My exposure to Harmon Killebrew was minimal. His final game came a year before I was born, and I can’t recall him ever appearing at card shows when I attended those events growing up. As an avid collector with an insatiable appetite for baseball trivia as a seventh/eighth grader, if you’d asked me to name the 500 home run club (which, in the late ’80s, consisted of just 14 men), I’d probably get 12 or 13 pretty easily, and then have to think longer to remember Killebrew. That’s no fault of Killer’s. I grew up in New Jersey; the Mets were my team. Baseball was long gone from Washington and the Twins were known for Kent Hrbek, Kirby Puckett, Dan Gladden and Frank Viola.

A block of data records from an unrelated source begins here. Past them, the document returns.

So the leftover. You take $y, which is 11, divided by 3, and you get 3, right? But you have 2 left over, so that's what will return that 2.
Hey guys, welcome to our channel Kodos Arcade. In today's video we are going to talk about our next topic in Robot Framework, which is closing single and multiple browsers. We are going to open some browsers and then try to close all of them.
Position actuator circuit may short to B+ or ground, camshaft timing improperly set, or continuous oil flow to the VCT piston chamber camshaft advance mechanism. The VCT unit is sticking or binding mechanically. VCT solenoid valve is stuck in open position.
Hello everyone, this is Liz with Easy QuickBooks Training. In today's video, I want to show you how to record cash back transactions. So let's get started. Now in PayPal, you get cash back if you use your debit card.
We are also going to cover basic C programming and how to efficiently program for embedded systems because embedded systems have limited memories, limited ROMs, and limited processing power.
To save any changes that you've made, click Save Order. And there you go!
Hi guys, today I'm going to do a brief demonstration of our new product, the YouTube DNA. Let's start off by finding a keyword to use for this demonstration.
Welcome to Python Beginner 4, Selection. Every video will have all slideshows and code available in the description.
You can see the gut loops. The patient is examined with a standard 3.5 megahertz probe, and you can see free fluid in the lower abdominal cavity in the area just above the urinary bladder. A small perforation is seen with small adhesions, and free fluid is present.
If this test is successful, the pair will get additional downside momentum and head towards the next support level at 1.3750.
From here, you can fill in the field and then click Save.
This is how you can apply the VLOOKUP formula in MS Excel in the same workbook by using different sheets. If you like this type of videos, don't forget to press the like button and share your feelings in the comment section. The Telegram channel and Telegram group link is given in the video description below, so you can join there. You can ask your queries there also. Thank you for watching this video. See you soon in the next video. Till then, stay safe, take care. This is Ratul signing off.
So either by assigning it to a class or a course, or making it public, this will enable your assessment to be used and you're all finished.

But I think Harmon Killebrew would’ve been the kind of player I really liked, an underdog of sorts among the game’s greatest sluggers. He may have been listed at six feet tall, but it seems he was probably an inch or so shorter. If some photos I’ve seen today are dated correctly, he was bald before he was 30. And in recent years, while some of the living members of the 500 Home Run Club still look like they could give the ball a ride, he looked as much like your middle-school principal, your barber or your pharmacist as he did the 10th player to reach that long ball milestone.
My one encounter with Killebrew came before the 2004 All-Star Game, when MLB brought the living members of the 500 Home Run Club to Houston for the Home Run Derby. It was amazing being in the same room with all of those sluggers, not to mention the Commissioner of baseball and the top sportswriters in America. As I mentioned in that blog post, I considered asking some questions of a few of the legends, but with no assignment or specific questions in mind, I decided I’d rather get photos of each of the guys. I’m happy that I did, but looking back, it’s unfortunate that 2004 was still the beginning of the digital age — I was still working with a film SLR and had no way to know how my shots turned out until getting the prints back from the lab. My shot of Killebrew is OK, but the flash bounced off a few sportswriters in front of me, putting Killer in the shadows when he deserved the spotlight alongside his peers in that room.